The preliminary decision reflects public and political unease over the scale of Chinese investment in critical infrastructure and farm land in Australia — echoed around the globe — that has intensified following the recent election.

“In particular, during the review process national security issues were identified in critical power and communications services that Ausgrid provides to businesses and governments,” Scott Morrison, Australia’s treasurer, said on Thursday.

“I am, of course, open to consider what the bidders put to me, but at this stage no suitable mitigations have been identified that would, for the proposed transaction structure, appropriately address the identified risks,” he added.

Mr Morrison insisted to reporters that the government remained positively disposed to foreign investment despite the decision to block the transaction. The stake is being offered by the state government under a 99-year lease

State Grid Corporation, which is owned by the Chinese government, and Hong Kong-based Cheung Kong Infrastructure, which is controlled by tycoon Li Ka-shing, have each submitted bids of more than A$10bn ($7.47bn) for a 50.4 per cent stake in the New South Wales electricity group Ausgrid. No local bidders took part in a privatisation process that has been thrown into disarray by the decision.

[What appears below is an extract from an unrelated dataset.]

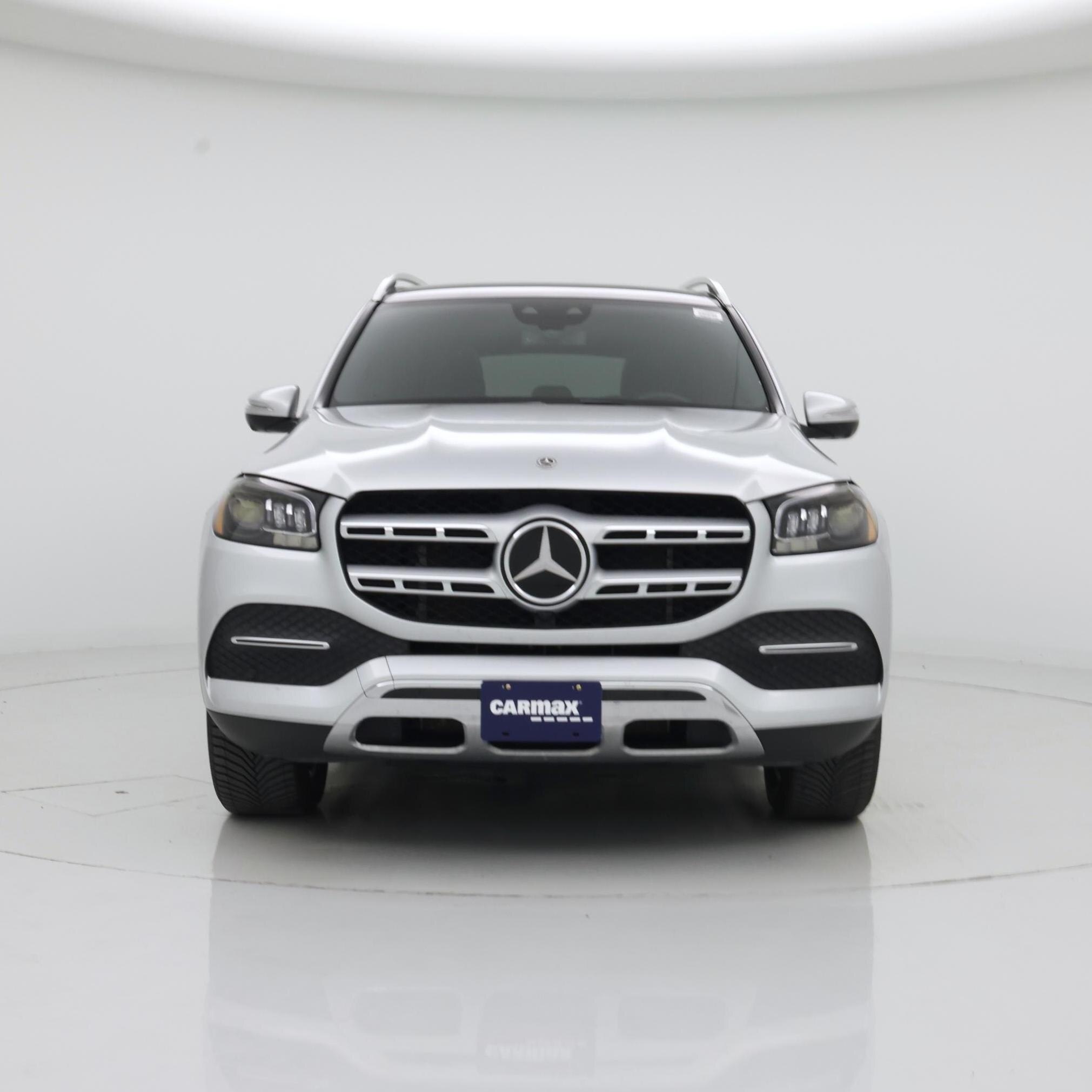 Thumbnail: 2021 Mercedes-Benz GLS - 5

In a statement responding to the decision, CKI said: “We believe that the Australian government must have reasons beyond the obvious which led them to make today’s announcement. The issue is unrelated to CKI.”

Chinese investment in the US, Europe and Australia has hit record levels, underlining Beijing’s growing importance as a driver of global growth and source of inward investment. But it is prompting scrutiny from regulators, including in Australia where Mr Morrison recently blocked the sale of the vast S Kidman & Co cattle farm to a Chinese group.

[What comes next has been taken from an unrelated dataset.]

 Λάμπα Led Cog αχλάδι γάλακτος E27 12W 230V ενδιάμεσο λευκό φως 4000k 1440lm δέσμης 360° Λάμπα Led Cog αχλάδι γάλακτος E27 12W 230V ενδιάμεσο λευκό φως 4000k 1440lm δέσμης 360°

The proposed sale of Ausgrid has drawn sharp criticism from independent politicians, a bigger voice in parliament following July’s knife-edge election that gave the government a single-seat majority. Pauline Hanson’s One Nation party and the Nick Xenophon Team, which control seven seats in the Senate, have both publicly opposed the sale of Ausgrid to foreign buyers.

“This decision may herald the start of the coalition’s rollback on openness to foreign investment and free trade due to the new political realities in parliament,” said Duncan McDonnell, politics lecturer at Griffith University.

The New South Wales government said it was confident another buyer could be found in time for the next state budget to record the proceeds of the transaction. But given the lack of local bidders, the sale process is likely to be delayed and raise less cash.

Australia’s business lobby and some politicians are becoming increasingly concerned that foreign investment has become a political football, which risks damaging the economy.